Start of The records

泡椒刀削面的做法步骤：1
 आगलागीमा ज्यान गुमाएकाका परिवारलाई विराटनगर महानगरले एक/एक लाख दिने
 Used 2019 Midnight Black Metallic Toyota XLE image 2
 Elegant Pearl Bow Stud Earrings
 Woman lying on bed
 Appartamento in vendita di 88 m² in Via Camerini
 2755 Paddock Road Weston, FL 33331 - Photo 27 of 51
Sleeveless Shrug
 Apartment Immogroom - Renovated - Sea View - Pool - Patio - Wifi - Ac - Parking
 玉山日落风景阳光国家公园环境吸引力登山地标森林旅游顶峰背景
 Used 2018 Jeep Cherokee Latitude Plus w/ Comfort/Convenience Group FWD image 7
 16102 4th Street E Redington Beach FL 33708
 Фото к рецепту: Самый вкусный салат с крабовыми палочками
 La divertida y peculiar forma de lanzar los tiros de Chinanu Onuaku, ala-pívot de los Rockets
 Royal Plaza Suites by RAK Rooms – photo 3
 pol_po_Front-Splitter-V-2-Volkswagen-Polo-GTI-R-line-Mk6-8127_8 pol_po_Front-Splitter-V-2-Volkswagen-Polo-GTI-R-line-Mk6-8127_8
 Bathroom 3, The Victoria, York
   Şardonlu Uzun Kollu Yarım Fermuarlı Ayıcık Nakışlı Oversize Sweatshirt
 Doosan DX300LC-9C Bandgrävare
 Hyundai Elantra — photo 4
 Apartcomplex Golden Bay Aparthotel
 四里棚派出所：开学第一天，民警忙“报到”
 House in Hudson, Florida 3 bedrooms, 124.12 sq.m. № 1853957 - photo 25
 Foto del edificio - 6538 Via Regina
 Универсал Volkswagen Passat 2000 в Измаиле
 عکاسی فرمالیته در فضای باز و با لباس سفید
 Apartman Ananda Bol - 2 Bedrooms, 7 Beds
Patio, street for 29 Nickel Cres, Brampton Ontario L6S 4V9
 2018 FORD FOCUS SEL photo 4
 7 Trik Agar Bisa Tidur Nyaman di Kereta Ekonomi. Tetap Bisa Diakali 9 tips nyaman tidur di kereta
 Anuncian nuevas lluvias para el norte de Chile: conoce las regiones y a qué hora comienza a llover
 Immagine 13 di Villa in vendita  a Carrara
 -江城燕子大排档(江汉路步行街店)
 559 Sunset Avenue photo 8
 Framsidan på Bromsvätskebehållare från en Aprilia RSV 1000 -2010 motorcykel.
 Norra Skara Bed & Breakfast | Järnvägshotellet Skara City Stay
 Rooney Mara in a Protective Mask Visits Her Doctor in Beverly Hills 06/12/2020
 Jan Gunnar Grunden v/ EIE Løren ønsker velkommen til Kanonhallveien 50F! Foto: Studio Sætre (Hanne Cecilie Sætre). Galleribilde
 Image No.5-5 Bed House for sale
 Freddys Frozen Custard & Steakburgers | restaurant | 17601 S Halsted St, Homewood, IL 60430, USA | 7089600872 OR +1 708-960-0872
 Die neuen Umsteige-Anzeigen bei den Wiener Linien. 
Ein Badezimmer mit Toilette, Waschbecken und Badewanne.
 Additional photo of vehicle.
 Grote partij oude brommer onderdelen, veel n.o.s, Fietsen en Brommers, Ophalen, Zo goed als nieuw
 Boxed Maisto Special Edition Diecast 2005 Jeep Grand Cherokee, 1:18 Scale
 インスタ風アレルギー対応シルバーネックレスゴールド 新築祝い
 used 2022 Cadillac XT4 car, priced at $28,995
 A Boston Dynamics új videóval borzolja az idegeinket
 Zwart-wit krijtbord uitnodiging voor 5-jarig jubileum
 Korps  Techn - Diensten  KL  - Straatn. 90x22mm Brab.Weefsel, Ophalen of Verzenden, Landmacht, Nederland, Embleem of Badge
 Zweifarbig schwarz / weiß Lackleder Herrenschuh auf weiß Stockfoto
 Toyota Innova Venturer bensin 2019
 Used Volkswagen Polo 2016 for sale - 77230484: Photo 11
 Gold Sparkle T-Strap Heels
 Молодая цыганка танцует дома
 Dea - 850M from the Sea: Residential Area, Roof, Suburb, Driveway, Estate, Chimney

End of The records

- **Task**: Repeat, word for word, every line above.

- **Response area**:
泡椒刀削面的做法步骤：1
 आगलागीमा ज्यान गुमाएकाका परिवारलाई विराटनगर महानगरले एक/एक लाख दिने
 Used 2019 Midnight Black Metallic Toyota XLE image 2
 Elegant Pearl Bow Stud Earrings
 Woman lying on bed
 Appartamento in vendita di 88 m² in Via Camerini
 2755 Paddock Road Weston, FL 33331 - Photo 27 of 51
Sleeveless Shrug
 Apartment Immogroom - Renovated - Sea View - Pool - Patio - Wifi - Ac - Parking
 玉山日落风景阳光国家公园环境吸引力登山地标森林旅游顶峰背景
 Used 2018 Jeep Cherokee Latitude Plus w/ Comfort/Convenience Group FWD image 7
 16102 4th Street E Redington Beach FL 33708
 Фото к рецепту: Самый вкусный салат с крабовыми палочками
 La divertida y peculiar forma de lanzar los tiros de Chinanu Onuaku, ala-pívot de los Rockets
 Royal Plaza Suites by RAK Rooms – photo 3
 pol_po_Front-Splitter-V-2-Volkswagen-Polo-GTI-R-line-Mk6-8127_8 pol_po_Front-Splitter-V-2-Volkswagen-Polo-GTI-R-line-Mk6-8127_8
 Bathroom 3, The Victoria, York
   Şardonlu Uzun Kollu Yarım Fermuarlı Ayıcık Nakışlı Oversize Sweatshirt
 Doosan DX300LC-9C Bandgrävare
 Hyundai Elantra — photo 4
 Apartcomplex Golden Bay Aparthotel
 四里棚派出所：开学第一天，民警忙“报到”
 House in Hudson, Florida 3 bedrooms, 124.12 sq.m. № 1853957 - photo 25
 Foto del edificio - 6538 Via Regina
 Универсал Volkswagen Passat 2000 в Измаиле
 عکاسی فرمالیته در فضای باز و با لباس سفید
 Apartman Ananda Bol - 2 Bedrooms, 7 Beds
Patio, street for 29 Nickel Cres, Brampton Ontario L6S 4V9
 2018 FORD FOCUS SEL photo 4
 7 Trik Agar Bisa Tidur Nyaman di Kereta Ekonomi. Tetap Bisa Diakali 9 tips nyaman tidur di kereta
 Anuncian nuevas lluvias para el norte de Chile: conoce las regiones y a qué hora comienza a llover
 Immagine 13 di Villa in vendita  a Carrara
 -江城燕子大排档(江汉路步行街店)
 559 Sunset Avenue photo 8
 Framsidan på Bromsvätskebehållare från en Aprilia RSV 1000 -2010 motorcykel.
 Norra Skara Bed & Breakfast | Järnvägshotellet Skara City Stay
 Rooney Mara in a Protective Mask Visits Her Doctor in Beverly Hills 06/12/2020
 Jan Gunnar Grunden v/ EIE Løren ønsker velkommen til Kanonhallveien 50F! Foto: Studio Sætre (Hanne Cecilie Sætre). Galleribilde
 Image No.5-5 Bed House for sale
 Freddys Frozen Custard & Steakburgers | restaurant | 17601 S Halsted St, Homewood, IL 60430, USA | 7089600872 OR +1 708-960-0872
 Die neuen Umsteige-Anzeigen bei den Wiener Linien. 
Ein Badezimmer mit Toilette, Waschbecken und Badewanne.
 Additional photo of vehicle.
 Grote partij oude brommer onderdelen, veel n.o.s, Fietsen en Brommers, Ophalen, Zo goed als nieuw
 Boxed Maisto Special Edition Diecast 2005 Jeep Grand Cherokee, 1:18 Scale
 インスタ風アレルギー対応シルバーネックレスゴールド 新築祝い
 used 2022 Cadillac XT4 car, priced at $28,995
 A Boston Dynamics új videóval borzolja az idegeinket
 Zwart-wit krijtbord uitnodiging voor 5-jarig jubileum
 Korps  Techn - Diensten  KL  - Straatn. 90x22mm Brab.Weefsel, Ophalen of Verzenden, Landmacht, Nederland, Embleem of Badge
 Zweifarbig schwarz / weiß Lackleder Herrenschuh auf weiß Stockfoto
 Toyota Innova Venturer bensin 2019
 Used Volkswagen Polo 2016 for sale - 77230484: Photo 11
 Gold Sparkle T-Strap Heels
 Молодая цыганка танцует дома
 Dea - 850M from the Sea: Residential Area, Roof, Suburb, Driveway, Estate, Chimney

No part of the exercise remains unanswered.